You are viewing a plain text version of this content. The canonical link for it is here.

Posted to dev@lucene.apache.org by Grant Ingersoll <gs...@apache.org> on 2009/08/01 13:52:13 UTC

IndexWriter.getReader usage

In many NRT cases, it seems the traditional approach has been to have  
two RAM directories and a write-through FS Directory (for example Zoie  
does this, and it has also been discussed a fair number of times on  
the various lists).  I'm wondering how the new IndexWriter.getReader  
stuff relates to that approach?  Is there even a need for the RAM dirs  
at this point?

-Grant

---------------------------------------------------------------------
To unsubscribe, e-mail: java-dev-unsubscribe@lucene.apache.org
For additional commands, e-mail: java-dev-help@lucene.apache.org

Re: IndexWriter.getReader usage

Posted by Grant Ingersoll <gs...@apache.org>.

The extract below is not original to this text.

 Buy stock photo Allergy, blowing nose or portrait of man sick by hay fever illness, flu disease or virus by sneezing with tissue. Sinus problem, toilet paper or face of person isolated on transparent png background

On Aug 1, 2009, at 8:45 AM, Yonik Seeley wrote:

> On Sat, Aug 1, 2009 at 8:30 AM, DM Smith<dm...@gmail.com> wrote:
>> On Aug 1, 2009, at 7:52 AM, Grant Ingersoll <gs...@apache.org>  
>> wrote:
>>>  I'm wondering how the new IndexWriter.getReader stuff relates to
>>> that approach?  Is there even a need for the RAM dirs at this point?
>>
>> I'm curious as to how it obviates the need for a RAM dir?
>
> I think Grant just meant that when implementing very low latency
> searching, one may not need to directly use RAMDirectory anymore.
> RAMDirectory itself will certainly be kept around in Lucene.

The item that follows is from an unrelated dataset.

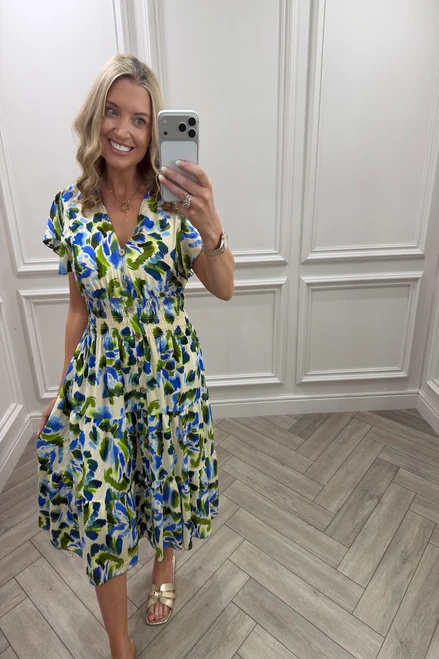 Royal & Green Genesis Shirred Midi Dress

Yes, RAMDir is not going anywhere, just meant in terms of NRT (near  
real time)

---------------------------------------------------------------------
To unsubscribe, e-mail: java-dev-unsubscribe@lucene.apache.org
For additional commands, e-mail: java-dev-help@lucene.apache.org

Re: IndexWriter.getReader usage

Posted by Yonik Seeley <yo...@lucidimagination.com>.

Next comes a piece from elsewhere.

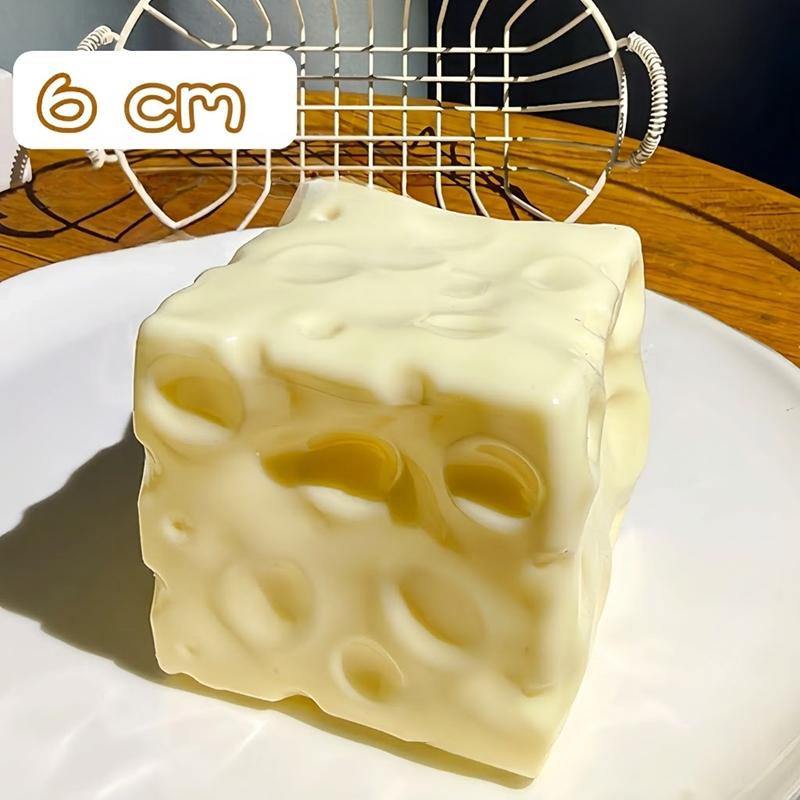 Viral Giant Cheese Squishy Fidget Toy | Moldable ASMR Stress Relief Squeeze Ball | Slow Rising Desk Accessory (6/7cm)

On Sat, Aug 1, 2009 at 8:30 AM, DM Smith<dm...@gmail.com> wrote:
> On Aug 1, 2009, at 7:52 AM, Grant Ingersoll <gs...@apache.org> wrote:
>> I'm wondering how the new IndexWriter.getReader stuff relates to
>> that approach?  Is there even a need for the RAM dirs at this point?
>
> I'm curious as to how it obviates the need for a RAM dir?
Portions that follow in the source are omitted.